Setiap daerah mempunyai jenis Jamu yang berbeda, menyesuaikan dengan tanaman
herbal yng tumbuh didaerahnya.
Mengolah
Jamu tidak terlalu rumit, kebanyakan hanya mengambil sari dari perasan tumbuhan
herbal. Ada juga dengan ditumbuk. Seringkali berbahan dasar kunyit, temulawak,
lengkuas, jahe, kencur, dan kayu manis. Khusus gula jawa, gula batu, dan jeruk
nipis biasanya digunakan sebagai penambah rasa segar dan rasa manis.
Uniknya,
dalam pembuatan jamu juga disesuaikan takaran tiap bahan, suhu, lama menumbuk
atau merebus, dan lainnya. Jika tidak diperhatikan dengan baik, akan kehilangan
khasiat dari bahan-bahannya bahkan bisa membahayakan tubuh. Begitu juga dengan
perkembangannya, tradisi minum Jamu mengalami pasang surut sesuai zamannya.
Secara garis besar terbagi dari zaman pra-sejarah saat pengolahan hasil hutan
marak berkembang, zaman penjajahan jepang, zaman awal kemerdekaan Indonesia,
hingga saat ini.
Masyarakat
Indonesia sejak zaman Kerajaan Mataram hingga kini masih menggunakan Jamu.

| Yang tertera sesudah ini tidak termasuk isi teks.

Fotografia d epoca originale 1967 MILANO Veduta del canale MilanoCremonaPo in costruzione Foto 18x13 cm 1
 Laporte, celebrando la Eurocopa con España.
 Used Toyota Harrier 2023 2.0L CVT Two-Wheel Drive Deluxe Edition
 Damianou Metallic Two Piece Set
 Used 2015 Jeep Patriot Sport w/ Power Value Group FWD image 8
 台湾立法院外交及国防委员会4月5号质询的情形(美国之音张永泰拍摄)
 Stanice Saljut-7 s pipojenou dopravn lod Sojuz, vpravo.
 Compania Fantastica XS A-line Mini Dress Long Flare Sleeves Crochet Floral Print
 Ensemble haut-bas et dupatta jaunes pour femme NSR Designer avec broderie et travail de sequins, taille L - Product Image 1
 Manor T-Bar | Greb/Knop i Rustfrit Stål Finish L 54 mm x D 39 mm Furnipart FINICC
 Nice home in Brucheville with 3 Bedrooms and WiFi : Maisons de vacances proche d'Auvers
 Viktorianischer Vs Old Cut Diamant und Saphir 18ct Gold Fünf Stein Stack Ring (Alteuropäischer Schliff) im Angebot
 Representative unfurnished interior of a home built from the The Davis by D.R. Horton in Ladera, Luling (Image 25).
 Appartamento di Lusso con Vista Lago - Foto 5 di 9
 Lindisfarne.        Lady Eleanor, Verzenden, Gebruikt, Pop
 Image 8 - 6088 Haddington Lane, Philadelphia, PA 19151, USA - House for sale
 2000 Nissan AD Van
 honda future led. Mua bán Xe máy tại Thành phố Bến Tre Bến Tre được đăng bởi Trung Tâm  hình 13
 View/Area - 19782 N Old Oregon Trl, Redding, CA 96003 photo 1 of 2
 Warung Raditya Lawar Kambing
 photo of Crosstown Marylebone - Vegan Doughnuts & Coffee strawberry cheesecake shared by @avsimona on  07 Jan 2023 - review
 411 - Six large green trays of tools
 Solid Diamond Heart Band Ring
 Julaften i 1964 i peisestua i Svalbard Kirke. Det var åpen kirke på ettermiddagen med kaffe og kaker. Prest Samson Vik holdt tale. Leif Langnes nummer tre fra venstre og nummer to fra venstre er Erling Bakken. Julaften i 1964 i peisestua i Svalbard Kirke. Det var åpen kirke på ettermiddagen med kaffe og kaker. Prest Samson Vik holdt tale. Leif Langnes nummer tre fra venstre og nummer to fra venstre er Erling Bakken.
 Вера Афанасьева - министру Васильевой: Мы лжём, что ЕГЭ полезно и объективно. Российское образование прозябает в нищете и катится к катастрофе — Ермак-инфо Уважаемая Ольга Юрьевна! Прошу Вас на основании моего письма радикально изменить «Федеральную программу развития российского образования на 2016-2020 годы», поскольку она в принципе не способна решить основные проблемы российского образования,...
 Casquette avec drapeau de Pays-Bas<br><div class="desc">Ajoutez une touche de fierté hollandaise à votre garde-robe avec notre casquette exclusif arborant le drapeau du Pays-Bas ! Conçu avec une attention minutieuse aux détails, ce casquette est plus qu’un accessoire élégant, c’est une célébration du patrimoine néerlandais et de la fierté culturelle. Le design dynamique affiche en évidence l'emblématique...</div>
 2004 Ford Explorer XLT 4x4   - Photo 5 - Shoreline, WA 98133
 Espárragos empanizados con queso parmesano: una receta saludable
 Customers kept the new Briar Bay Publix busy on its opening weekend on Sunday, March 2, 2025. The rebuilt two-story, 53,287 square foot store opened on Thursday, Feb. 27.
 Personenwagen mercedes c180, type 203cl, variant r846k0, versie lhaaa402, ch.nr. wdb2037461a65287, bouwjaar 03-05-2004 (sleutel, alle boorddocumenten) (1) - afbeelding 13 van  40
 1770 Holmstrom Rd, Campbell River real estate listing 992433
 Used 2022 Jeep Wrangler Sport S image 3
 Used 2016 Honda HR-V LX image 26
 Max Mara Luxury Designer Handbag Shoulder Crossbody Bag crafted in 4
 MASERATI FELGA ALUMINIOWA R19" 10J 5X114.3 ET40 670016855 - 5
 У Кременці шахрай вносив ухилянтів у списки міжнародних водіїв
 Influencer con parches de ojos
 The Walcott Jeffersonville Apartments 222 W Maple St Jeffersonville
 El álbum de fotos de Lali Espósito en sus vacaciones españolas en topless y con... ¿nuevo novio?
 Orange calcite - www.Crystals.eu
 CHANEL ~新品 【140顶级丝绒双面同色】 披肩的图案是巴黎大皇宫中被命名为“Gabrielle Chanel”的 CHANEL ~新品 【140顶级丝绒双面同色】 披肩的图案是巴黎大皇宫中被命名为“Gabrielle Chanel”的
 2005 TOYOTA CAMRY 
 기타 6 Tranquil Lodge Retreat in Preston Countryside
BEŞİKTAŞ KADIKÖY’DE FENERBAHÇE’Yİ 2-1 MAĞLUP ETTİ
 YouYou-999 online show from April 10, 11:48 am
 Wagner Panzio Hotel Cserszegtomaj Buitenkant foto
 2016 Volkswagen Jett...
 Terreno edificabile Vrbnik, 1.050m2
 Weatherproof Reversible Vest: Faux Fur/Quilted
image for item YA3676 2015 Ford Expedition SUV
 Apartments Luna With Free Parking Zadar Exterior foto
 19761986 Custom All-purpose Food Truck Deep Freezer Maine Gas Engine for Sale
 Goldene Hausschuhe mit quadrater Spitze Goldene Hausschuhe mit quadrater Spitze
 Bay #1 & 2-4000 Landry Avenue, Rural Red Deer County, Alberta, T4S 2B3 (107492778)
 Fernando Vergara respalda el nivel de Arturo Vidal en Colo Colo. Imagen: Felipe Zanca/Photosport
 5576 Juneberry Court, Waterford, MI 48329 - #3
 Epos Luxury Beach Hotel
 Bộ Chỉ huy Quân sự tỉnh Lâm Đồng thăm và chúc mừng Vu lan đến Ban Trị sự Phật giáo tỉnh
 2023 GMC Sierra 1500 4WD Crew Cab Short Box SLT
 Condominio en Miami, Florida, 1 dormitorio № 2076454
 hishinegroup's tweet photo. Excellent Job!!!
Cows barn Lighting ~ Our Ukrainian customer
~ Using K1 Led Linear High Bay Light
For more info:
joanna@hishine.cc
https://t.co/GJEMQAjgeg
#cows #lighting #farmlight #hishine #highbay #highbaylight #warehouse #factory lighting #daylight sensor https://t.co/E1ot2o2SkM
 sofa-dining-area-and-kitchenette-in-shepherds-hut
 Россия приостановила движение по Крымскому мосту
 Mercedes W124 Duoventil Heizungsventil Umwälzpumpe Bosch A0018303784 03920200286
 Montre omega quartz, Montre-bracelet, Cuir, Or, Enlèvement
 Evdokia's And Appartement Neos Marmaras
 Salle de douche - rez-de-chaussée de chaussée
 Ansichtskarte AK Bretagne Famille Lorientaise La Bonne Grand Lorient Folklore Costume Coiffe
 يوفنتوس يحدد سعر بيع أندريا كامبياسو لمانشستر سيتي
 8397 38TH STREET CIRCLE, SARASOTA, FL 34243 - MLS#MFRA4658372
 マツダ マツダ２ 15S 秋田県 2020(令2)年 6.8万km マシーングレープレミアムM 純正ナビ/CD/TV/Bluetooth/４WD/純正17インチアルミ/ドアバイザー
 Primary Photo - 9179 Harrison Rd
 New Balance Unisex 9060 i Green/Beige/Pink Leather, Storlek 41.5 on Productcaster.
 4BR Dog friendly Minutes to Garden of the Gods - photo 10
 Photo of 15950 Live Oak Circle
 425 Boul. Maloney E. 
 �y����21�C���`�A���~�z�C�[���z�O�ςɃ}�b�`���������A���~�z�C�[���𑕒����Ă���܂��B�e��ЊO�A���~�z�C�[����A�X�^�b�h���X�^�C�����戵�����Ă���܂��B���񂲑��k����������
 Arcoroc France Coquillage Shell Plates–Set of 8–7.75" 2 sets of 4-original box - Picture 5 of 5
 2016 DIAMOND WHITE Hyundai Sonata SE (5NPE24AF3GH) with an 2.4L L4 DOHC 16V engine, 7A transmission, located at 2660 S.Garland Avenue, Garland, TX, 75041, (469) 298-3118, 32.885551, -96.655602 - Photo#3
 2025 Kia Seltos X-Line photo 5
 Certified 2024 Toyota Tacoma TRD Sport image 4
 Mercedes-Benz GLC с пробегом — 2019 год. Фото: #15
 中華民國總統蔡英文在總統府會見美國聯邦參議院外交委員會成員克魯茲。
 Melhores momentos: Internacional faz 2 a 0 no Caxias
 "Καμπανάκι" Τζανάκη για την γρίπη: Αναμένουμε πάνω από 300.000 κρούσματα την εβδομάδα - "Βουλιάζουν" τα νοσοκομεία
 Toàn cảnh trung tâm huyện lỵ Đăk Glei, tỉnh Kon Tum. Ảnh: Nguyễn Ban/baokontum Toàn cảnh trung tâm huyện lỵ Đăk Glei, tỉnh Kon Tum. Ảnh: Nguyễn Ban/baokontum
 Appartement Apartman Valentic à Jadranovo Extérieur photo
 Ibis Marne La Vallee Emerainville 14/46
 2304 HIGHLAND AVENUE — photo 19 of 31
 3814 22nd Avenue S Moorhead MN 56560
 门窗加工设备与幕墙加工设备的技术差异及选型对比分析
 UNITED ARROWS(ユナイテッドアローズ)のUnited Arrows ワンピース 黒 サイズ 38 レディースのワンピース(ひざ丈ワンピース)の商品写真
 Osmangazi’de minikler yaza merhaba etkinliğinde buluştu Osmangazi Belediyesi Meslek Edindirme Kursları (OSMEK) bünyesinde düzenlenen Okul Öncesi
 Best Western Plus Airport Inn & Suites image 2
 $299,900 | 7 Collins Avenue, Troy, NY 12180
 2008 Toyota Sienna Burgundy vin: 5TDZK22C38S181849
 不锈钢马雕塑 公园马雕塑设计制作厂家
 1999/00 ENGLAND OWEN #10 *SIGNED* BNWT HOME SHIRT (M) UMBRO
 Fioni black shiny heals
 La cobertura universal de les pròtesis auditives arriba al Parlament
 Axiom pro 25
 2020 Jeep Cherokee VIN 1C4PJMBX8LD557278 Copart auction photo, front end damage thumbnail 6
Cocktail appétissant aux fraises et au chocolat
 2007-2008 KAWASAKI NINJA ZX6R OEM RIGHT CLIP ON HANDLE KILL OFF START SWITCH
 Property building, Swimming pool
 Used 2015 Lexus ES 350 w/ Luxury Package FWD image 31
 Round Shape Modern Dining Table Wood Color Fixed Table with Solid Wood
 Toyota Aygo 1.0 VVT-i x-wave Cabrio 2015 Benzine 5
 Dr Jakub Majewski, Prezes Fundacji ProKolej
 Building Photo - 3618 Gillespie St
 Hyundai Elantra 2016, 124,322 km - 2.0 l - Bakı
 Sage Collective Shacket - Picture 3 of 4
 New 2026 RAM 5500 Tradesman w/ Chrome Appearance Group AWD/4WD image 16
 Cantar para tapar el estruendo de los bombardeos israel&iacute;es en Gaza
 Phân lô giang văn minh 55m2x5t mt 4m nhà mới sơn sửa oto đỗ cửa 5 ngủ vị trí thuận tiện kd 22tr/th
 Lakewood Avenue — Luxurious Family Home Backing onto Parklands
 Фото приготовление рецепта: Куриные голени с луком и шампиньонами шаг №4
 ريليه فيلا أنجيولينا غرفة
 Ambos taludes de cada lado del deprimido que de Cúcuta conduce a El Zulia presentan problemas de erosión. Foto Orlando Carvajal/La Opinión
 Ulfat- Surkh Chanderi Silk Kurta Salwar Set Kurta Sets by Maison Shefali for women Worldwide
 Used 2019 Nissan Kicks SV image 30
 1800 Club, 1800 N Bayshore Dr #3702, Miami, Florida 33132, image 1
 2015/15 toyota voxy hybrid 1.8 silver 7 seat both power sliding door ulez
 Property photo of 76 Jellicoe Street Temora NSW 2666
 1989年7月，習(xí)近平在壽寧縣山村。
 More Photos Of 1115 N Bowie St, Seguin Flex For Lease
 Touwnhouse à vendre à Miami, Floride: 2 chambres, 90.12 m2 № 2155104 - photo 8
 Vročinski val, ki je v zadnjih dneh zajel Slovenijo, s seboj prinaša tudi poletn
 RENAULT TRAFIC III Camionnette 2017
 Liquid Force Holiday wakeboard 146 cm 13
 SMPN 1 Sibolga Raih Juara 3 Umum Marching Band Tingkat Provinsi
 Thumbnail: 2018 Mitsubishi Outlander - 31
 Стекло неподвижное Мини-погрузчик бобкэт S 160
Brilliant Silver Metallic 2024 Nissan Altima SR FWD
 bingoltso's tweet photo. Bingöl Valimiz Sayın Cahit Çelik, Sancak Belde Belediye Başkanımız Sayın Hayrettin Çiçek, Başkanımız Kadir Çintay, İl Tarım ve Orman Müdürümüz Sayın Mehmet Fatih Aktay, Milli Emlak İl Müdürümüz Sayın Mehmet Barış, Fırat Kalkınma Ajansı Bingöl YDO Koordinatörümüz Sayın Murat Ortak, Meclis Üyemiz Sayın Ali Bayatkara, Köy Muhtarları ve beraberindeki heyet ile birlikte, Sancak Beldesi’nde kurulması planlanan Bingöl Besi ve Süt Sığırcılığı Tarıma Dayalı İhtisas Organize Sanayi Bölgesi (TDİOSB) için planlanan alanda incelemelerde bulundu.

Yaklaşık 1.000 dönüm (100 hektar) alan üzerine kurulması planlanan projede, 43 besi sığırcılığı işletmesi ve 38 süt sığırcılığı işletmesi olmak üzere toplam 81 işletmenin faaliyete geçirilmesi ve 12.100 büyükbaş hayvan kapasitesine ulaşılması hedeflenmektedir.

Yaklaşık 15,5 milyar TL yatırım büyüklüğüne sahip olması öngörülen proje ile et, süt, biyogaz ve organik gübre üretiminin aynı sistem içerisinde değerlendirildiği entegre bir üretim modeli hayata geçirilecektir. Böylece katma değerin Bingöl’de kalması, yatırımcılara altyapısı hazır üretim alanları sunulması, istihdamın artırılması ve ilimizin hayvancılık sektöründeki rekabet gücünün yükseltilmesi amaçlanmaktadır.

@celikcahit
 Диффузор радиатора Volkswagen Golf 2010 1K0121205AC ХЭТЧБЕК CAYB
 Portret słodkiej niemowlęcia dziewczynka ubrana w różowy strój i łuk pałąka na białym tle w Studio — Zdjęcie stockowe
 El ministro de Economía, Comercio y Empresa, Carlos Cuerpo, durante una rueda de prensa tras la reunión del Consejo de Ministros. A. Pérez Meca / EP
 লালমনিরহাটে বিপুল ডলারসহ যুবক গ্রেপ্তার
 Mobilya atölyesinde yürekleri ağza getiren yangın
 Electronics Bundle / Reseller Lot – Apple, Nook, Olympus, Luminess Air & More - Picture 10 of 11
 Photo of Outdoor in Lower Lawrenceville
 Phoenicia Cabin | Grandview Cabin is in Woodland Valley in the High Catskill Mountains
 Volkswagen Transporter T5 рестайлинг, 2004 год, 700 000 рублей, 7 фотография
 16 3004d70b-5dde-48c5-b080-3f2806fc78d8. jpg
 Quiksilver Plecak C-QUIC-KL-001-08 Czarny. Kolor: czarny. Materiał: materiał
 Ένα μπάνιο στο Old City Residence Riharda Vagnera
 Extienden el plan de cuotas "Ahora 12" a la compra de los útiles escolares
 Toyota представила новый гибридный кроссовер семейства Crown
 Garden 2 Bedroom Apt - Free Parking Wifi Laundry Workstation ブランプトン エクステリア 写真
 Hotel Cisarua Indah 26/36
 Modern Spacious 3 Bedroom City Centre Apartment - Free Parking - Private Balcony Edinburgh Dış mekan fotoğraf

Minuman khas Indonesia ini telah menjadi kebanggaan tersendiri seperti halnya
dengan Ayurveda dari India dan Zhongyi dari Cina. Sejak saat itu, perempuan
lebih berperan dalam memproduksi jamu, sedangkan pria berperan mencari tumbuhan
herbal alami. Fakta itu diperkuat dengan adanya temuan artefak Cobek dan Ulekan
–alat tumbuk untuk membuat jamu. Artefak itu bisa dilihat di situs arkeologi
Liyangan yang berlokasi di lereng Gunung Sindoro, Jawa Tengah.
Selain
artefak Cobek dan Ulekan, ditemukan juga bukti-bukti lain seperti alat-alat
membuat jamu yang banyak ditemukan di Yogyakarta dan Surakarta, tepatnya di
Candi Borobudur pada relief Karmawipangga, Candi Prambanan, Candi Brambang, dan
beberapa lokasi lainnya. Konon, di zaman dulu, rahasia kesehatan dan kesaktian
para pendekar dan petinggi-petinggi kerajaan berasal dari latihan dan bantuan
dari ramuan herbal.
Seiring
perkembangannya, tradisi minum Jamu sempat mengalami penurunan. Tepatnya saat
pertama kali ilmu modern masuk ke Indonesia. Saat itu kampanye obat-obatan
bersertifikat sukses mengubah pola pikir masyarakat Indonesia sehingga minat
terhadap Jamu menurun. Selain soal standar atau sertifikat, khasiat dari Jamu
pun turut dipertanyakan.
Pada
masa penjajahan Jepang, sekitar tahun 1940-an, tradisi minum Jamu kembali
populer karena telah dibentuknya komite Jamu Indonesia. Dengan begitu,
kepercayaan khasiat terhadap Jamu kembali meningkat. Berjalannya waktu,
penjualan Jamu pun menyesuaikan dengan teknologi, diantaranya telah banyak
dikemas dalam bentuk pil, tablet, atau juga bubuk instan yang mudah diseduh.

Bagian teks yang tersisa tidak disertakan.